When I began noticing his stares, I figured it was because I was his only African-American charge. You know: the Instant Black Camaraderie thing. Then he began cutting me private smiles. He’d funk-step his way alongside me and we’d fall into a frenetic groove together, trading knowing grins, a sistah and brotha working it out while the white girls looked jealously on. On the occasions I missed class, the next time I showed up he’d possessively wonder where I’d been, as if I’d broken an implicit promise between us.
His ardent attention took me by surprise. He was so stunningly gorgeous — and so in demand by more women than a fool could shake a stick at — that I tried not to take his overtures too seriously. And, anyway, a Seattle Black man as fine as that was probably just doing White Girls Only, right? Even if Michael was interested in me, I didn’t want to fight through his fan club to figure it out.
Still, over time, his sweat, our groove, and my fantasies coaxed me into testing the waters. “We should go to a movie, sometime,” I ventured. He just smiled. Wanting to make sure I wasn’t letting a potentially hot fling slip through my fingers, I floated another balloon or two.
But he never committed to a date, not even something as innocuous as coffee. Meanwhile, his flock continued to swarm him. Judging from their familiar banter and body language, they obviously had out-of-class relationships with him. Their access befuddled me — until I observed a pattern: the women who got Michael’s personal time were also his clients. He was their personal trainer.
Okay, I reflected, I suppose someone who is self-employed has to be shrewd about building his client base. And maybe such an arrangement was also born of efficiency: any one person — especially a local celebrity like Michael — has time for only so many relationships. Someone as relentlessly sought after as he was needed to manage his social calendar.
But then I began hearing stories. Michael was gay — well, more or less. He was living with an older man of means who gladly took care of him. In the meantime, Michael did whatever he wanted. He took a decidedly nonpartisan approach to his relationships, dating whomever. He readily became involved with his clients — for the right price. Those who paid more got more of his time. As one African American acquaintance of his put it: “Girl, please. You got to pay to be with Michael.”
He kept his mystique high by fanning titillating rumors about him, including one about being remarkably well hung. To erase any doubt (and likely to drum up more business), he pulled himself out at a party once and indisputably proved the point. (Admittedly, at the time I was sorry I had missed it.)
I’d never known a dyed-in-the-wool mercenary. Did Michael have any genuine friends? Did he have lovers off the clock? Did he reserve authentic sexual contact for men and just make women pay? Was he capable of having authentic relationships with anyone? Or had he bartered himself for so long that he’d lost the ability to navigate his way through deeper, interior emotions?
Although Michael’s ruthless utilitarianism didn’t jibe with my world, the unabashed skill with which he exploited his looks and charisma fascinated me. I had no interest in having that kind of relationship; still, I envied his pluck.
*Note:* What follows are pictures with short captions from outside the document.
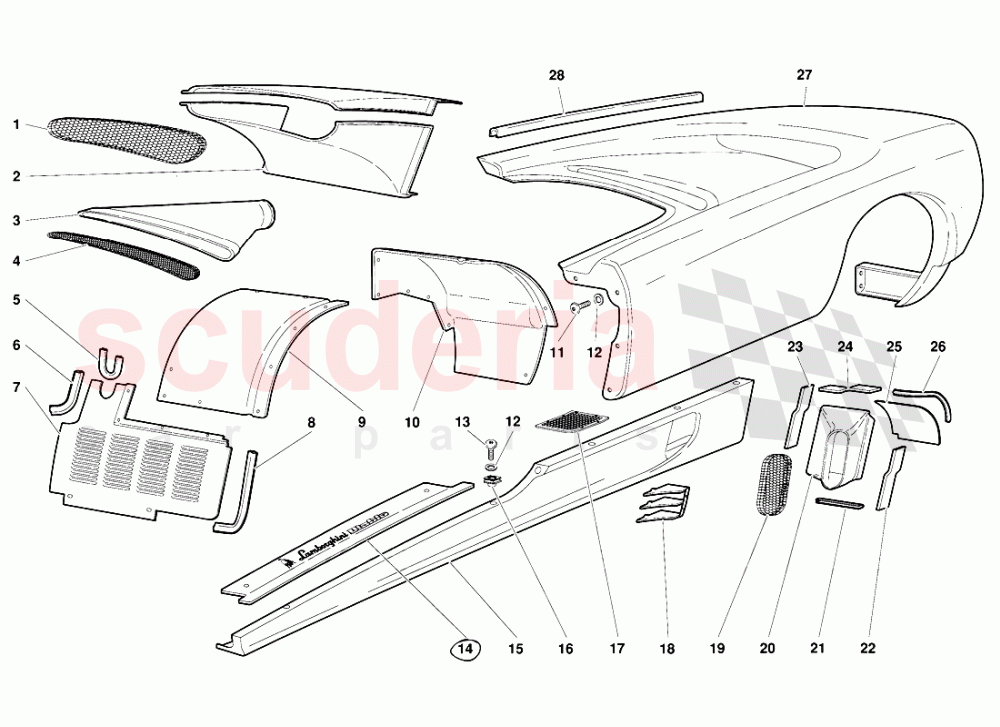 Body Elements-Left Flank of Lamborghini Lamborghini Diablo (1990-1998)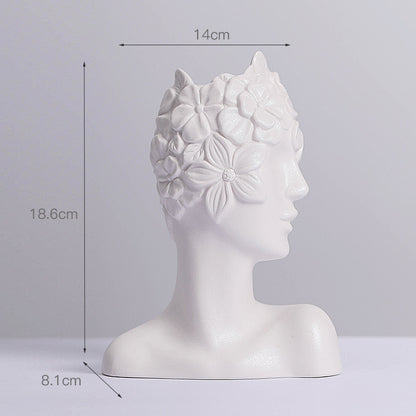 Human Body Ceramic Vase White Matte Artifact Hydroponic Flower Dryer Ornaments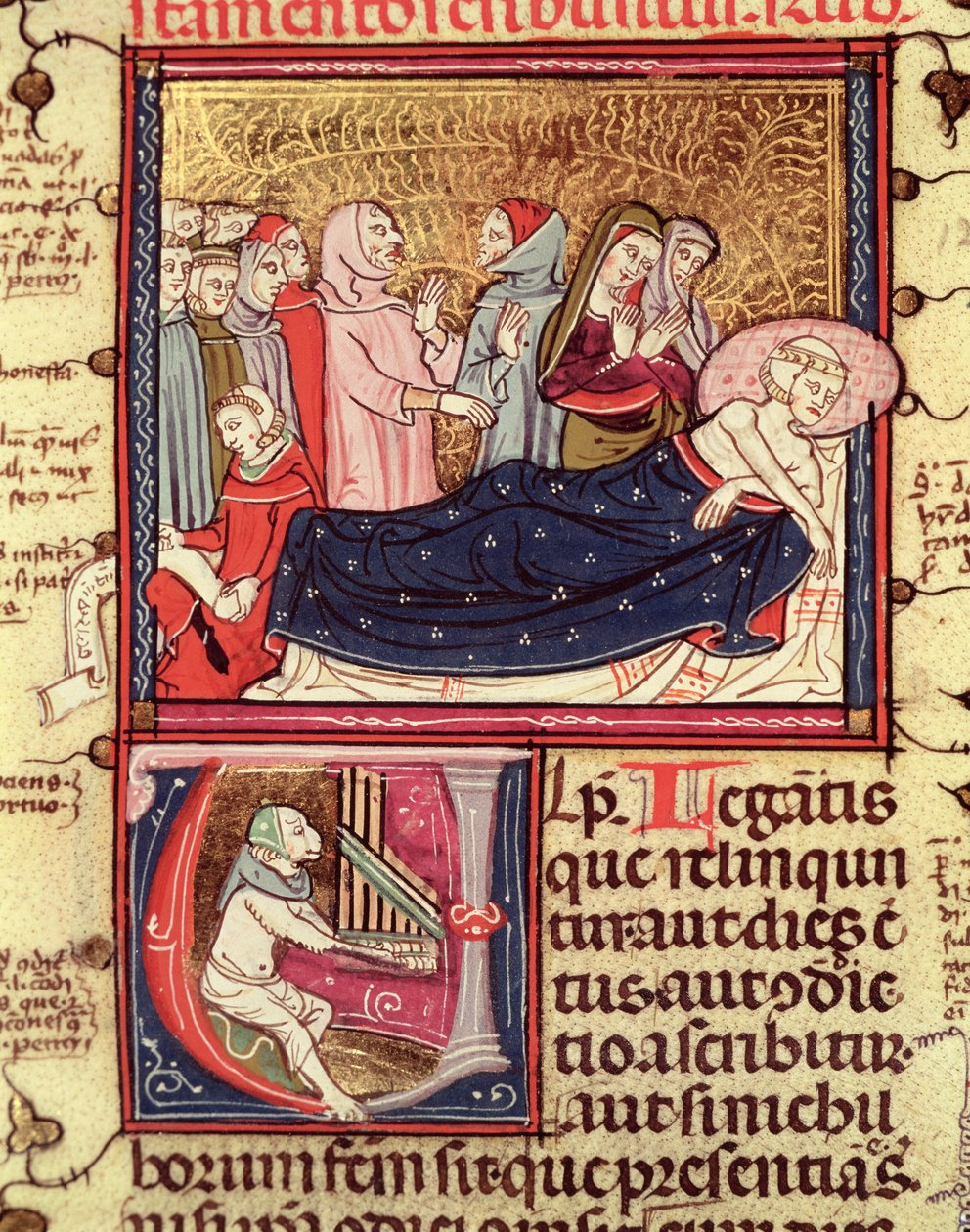 Fol.195v Umierający człowiek dyktujący swoją wolę od Justinianiego w Fortiatum autorstwa French School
I’ve known other men like Michael whose good looks, allure and easy likability let them get away with breaches the rest of us wouldn’t dare: carrying on with a girlfriend’s sister; shacking up jobless and rent-free with the latest infatuated lover; crashing restaurant dinner parties with a mega-watt smile and empty wallet.
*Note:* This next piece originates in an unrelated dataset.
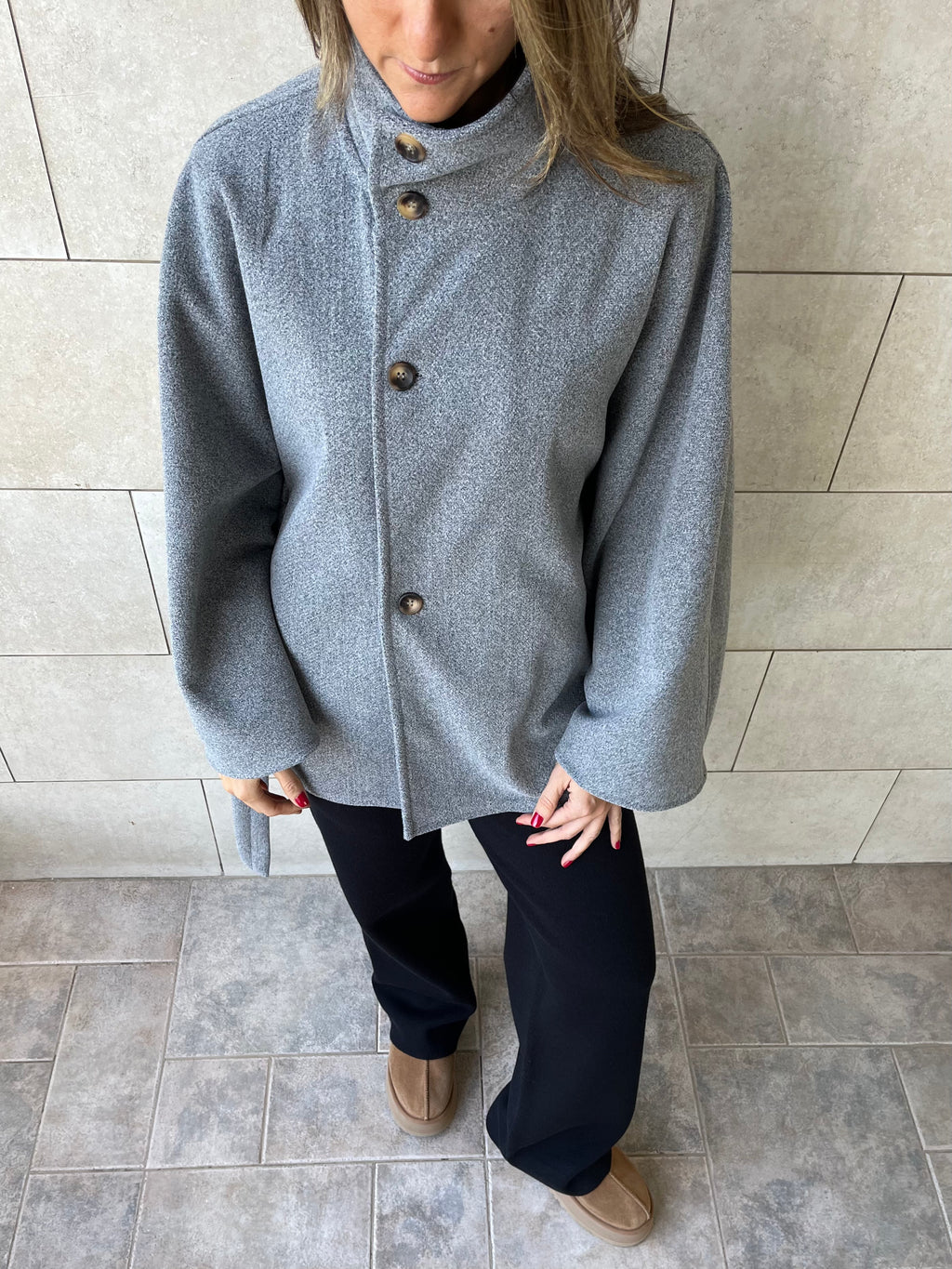 Grey Funnel Neck Cape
As a woman, I’d always wished for such lenience and license on a matter of principle, even if the practice goes against my grain. Even now, I can’t help wondering what it would be like to wield such cachet. Is it as tantalizing as it seems? Or does the mutual exploitation gradually wear one down over the course of a lifetime?
Then again, to someone like Michael, those questions are probably irrelevant. He’s undoubtedly having the best ball in town.